One notorious site, theonlineticket.com, is offering tickets for the Champions League final, which sell for between £40 and £100 at face value, for between £650 and £2,000 - a 1,900 per cent increase in the case of the most expensive tickets. And although it claims to be well established in the British hospitality industry, the company's website is owned by an anonymous company based in Phoenix, Arizona.

Several fans have complained about the site which was once run by Terance Shepherd, the legendary ticket tout whose companies often ended up going bust leaving people out of pocket.

'I bought tickets from them for the football, paid £900 and they did not arrive,' one disgruntled customer recently wrote on the tickettout.org website which rates the online touts. 'They told me no refund and are very rude. They are scum - do not use them. I can't believe this has happened.'

Many of the sites operate for only a few months before closing down just as fans start clamouring for their money back.

'The US-based companies are operating in a grey area,' said Eric Baker, CEO of Viagogo, the legal ticket re-seller which partners the likes of Chelsea and Manchester United. 'If you are a consumer you have to be very careful. And remember that anyone in the UK offering tickets for sale is a criminal.'

Most of the sites are offering tickets in the hope they will be able to pick them up nearer the final and sell them on at massively inflated prices, once they have collected their buyers' cash. But often the touts are unable to deliver and in some cases the tickets on offer are forgeries. 'We hear tales of people saying, "I looked at the tickets and they looked real", but the problem is that today's technology has created a generation of Picassos of fraud who are masters in creating false tickets,' Baker said.

It is not just the established rogue agencies who look set for a dishonest bonanza. Online auction sites also boast a raft of people looking to sell tickets to the Rangers match at inflated prices. Meanwhile train companies and airlines have also seen demand for their services soar suggesting fans will have to pay top price for their transport to and from the games.

Flybe said that ticket sales on its Glasgow, Edinburgh and Belfast to Manchester flights between tomorrow and Wednesday have risen by 50 per cent. Virgin Trains said tickets on its trains travelling south from Scotland were booked out.

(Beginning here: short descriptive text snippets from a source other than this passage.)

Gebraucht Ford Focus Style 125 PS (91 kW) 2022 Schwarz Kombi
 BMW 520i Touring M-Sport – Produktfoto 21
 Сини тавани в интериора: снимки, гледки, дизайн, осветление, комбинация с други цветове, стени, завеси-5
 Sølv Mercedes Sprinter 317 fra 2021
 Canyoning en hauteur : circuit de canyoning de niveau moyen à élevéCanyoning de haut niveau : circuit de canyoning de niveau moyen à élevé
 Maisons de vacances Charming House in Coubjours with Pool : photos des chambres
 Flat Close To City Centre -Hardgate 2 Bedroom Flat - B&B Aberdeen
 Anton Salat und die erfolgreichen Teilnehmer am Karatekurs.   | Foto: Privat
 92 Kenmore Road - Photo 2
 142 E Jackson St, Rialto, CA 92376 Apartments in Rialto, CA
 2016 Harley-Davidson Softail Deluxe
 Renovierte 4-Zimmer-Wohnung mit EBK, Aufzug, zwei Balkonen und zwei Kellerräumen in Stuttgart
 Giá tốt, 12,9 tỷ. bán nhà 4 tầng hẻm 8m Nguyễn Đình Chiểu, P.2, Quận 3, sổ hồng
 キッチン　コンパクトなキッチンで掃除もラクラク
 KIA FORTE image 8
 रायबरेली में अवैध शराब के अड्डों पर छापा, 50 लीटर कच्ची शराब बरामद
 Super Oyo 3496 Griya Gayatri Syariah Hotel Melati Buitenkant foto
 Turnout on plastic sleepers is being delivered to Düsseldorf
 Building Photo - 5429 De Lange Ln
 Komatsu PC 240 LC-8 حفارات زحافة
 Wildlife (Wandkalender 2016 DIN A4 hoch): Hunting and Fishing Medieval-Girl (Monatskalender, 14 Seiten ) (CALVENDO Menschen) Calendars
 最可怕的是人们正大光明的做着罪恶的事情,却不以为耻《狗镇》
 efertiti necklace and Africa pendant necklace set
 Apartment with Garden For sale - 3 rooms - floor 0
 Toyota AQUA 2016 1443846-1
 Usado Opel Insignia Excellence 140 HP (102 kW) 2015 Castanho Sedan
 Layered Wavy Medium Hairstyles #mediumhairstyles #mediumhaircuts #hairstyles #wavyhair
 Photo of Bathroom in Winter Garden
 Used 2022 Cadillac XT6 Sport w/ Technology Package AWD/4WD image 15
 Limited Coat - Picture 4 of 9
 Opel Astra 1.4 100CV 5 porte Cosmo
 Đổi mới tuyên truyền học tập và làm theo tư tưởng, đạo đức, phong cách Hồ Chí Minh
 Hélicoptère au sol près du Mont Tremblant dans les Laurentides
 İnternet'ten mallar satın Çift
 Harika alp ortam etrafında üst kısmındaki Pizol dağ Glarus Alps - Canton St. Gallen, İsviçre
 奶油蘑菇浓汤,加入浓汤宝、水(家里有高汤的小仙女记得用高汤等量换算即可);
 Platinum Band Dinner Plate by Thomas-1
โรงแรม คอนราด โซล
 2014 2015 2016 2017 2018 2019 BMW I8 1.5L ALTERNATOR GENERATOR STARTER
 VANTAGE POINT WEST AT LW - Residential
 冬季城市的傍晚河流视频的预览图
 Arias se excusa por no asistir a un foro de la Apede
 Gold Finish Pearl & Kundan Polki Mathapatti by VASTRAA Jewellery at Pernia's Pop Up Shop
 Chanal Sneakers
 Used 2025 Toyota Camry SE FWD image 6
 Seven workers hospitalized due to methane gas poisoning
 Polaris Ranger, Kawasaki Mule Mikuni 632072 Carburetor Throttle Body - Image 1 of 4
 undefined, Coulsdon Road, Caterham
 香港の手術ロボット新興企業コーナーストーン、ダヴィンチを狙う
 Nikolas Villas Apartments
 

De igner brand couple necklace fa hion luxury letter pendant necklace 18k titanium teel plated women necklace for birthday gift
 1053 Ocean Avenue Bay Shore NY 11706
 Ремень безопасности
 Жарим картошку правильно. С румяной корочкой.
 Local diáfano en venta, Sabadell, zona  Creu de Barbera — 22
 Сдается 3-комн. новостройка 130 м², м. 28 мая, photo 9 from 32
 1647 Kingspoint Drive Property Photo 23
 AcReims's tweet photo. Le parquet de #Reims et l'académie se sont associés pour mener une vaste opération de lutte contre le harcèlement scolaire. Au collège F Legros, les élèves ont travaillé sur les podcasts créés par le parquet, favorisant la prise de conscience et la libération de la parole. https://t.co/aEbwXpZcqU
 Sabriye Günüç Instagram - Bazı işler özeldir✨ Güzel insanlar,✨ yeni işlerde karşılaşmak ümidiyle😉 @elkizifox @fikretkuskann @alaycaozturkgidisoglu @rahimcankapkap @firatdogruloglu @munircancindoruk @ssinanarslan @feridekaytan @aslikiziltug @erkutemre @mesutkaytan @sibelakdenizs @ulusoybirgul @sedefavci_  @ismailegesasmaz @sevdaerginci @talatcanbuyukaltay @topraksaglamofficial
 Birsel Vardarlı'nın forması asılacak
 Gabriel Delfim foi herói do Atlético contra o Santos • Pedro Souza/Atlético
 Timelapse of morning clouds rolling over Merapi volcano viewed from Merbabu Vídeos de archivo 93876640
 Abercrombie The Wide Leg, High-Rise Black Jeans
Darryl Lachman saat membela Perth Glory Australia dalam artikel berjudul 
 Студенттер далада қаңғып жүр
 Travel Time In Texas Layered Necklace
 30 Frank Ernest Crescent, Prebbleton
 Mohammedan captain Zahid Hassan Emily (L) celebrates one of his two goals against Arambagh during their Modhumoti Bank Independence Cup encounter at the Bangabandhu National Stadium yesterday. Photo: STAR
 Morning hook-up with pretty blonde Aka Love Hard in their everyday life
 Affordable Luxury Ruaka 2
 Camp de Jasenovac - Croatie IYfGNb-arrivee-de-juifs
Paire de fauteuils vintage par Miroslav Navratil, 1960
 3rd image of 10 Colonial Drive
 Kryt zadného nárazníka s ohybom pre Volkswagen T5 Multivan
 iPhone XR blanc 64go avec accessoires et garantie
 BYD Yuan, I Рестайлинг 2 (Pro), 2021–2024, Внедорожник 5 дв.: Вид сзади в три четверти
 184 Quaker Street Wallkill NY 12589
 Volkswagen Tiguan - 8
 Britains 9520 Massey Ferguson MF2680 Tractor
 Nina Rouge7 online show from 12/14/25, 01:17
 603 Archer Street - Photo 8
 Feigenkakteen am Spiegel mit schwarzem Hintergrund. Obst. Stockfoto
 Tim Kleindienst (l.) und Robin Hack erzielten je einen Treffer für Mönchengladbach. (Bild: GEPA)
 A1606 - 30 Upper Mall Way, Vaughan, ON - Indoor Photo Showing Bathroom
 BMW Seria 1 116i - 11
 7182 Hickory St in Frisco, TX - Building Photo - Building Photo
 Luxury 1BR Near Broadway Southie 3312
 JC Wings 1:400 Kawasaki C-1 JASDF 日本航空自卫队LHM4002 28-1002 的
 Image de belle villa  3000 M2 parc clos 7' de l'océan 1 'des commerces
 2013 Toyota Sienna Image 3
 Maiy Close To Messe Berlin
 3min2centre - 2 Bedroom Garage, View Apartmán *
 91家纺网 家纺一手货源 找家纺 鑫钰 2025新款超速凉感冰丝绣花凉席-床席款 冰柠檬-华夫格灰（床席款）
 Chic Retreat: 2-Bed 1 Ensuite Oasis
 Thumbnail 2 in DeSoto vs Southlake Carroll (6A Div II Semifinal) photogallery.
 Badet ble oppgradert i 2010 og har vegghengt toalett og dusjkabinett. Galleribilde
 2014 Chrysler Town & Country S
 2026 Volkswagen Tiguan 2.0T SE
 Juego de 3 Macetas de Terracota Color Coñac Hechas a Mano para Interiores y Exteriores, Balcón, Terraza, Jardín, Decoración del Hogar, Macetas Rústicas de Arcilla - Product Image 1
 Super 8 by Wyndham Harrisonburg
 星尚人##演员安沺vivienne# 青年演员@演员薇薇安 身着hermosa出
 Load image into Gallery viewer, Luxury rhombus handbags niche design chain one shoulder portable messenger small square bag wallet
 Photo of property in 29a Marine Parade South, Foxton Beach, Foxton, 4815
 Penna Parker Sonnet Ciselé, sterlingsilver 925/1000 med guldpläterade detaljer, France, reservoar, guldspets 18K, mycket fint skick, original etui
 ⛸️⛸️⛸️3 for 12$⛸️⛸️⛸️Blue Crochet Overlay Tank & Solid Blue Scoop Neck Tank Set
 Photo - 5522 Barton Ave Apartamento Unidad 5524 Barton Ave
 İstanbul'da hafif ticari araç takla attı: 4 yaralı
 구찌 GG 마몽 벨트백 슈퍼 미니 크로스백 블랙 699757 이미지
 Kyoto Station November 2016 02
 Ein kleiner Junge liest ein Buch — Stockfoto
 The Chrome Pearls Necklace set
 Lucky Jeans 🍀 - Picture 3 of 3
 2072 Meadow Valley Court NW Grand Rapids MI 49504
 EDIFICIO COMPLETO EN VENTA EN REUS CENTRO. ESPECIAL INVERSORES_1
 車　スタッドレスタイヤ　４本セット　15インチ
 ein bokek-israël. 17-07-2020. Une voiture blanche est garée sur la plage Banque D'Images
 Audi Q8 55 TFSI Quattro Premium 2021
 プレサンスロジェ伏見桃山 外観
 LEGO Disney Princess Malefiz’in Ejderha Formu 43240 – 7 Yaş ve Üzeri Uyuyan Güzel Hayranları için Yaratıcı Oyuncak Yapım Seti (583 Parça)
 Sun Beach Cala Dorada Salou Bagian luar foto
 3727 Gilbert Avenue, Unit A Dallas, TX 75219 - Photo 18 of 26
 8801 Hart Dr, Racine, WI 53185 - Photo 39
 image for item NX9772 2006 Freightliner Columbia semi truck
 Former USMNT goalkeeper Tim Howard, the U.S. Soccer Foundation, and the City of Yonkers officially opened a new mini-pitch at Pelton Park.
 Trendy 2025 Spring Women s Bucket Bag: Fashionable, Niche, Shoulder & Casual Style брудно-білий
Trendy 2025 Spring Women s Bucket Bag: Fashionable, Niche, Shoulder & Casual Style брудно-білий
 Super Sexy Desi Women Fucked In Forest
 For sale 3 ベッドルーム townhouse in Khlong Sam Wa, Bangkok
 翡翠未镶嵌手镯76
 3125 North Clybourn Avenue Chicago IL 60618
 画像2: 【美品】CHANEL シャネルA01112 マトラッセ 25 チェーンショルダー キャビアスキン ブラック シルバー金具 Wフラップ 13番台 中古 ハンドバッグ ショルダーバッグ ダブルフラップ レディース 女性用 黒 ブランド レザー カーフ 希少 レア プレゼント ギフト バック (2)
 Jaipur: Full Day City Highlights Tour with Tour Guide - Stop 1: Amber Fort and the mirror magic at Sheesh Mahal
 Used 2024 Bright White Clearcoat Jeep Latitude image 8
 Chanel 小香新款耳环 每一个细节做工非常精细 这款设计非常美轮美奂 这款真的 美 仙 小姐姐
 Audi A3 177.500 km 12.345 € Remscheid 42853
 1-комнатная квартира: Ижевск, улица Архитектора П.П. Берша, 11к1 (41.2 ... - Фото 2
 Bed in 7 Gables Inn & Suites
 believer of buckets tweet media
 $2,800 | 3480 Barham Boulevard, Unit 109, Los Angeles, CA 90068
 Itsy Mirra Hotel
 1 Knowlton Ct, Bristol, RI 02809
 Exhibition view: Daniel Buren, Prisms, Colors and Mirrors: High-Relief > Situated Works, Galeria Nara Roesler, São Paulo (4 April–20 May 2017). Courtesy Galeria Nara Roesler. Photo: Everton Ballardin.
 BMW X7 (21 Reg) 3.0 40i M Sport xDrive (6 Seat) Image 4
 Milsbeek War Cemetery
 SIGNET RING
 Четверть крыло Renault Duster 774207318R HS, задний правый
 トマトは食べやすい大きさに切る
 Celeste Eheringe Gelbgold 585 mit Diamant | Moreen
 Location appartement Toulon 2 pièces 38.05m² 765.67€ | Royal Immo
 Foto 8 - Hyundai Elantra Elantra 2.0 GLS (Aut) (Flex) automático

In a statement Uefa urged fans not to buy from touts. 'Uefa encourages supporters not to be lured into deals with touts, who not only demand exorbitant prices but are often not in possession of the tickets they purport to have for sale,' it said. Uefa also warned that the names of successful applicants would be printed on their tickets and that 'ID checks could be implemented at the entrance of the stadium'.

The big tickets

Uefa Cup final, Manchester

Official prices - £55 to £95.

Black market prices - £300 to £930.

FA Cup final, Wembley Stadium

Official prices - £35 to £95.

Black market prices - £390 to £890.

Champions League final, Moscow

Official prices - £40 to £100.

Black market prices - £500 to £2,400.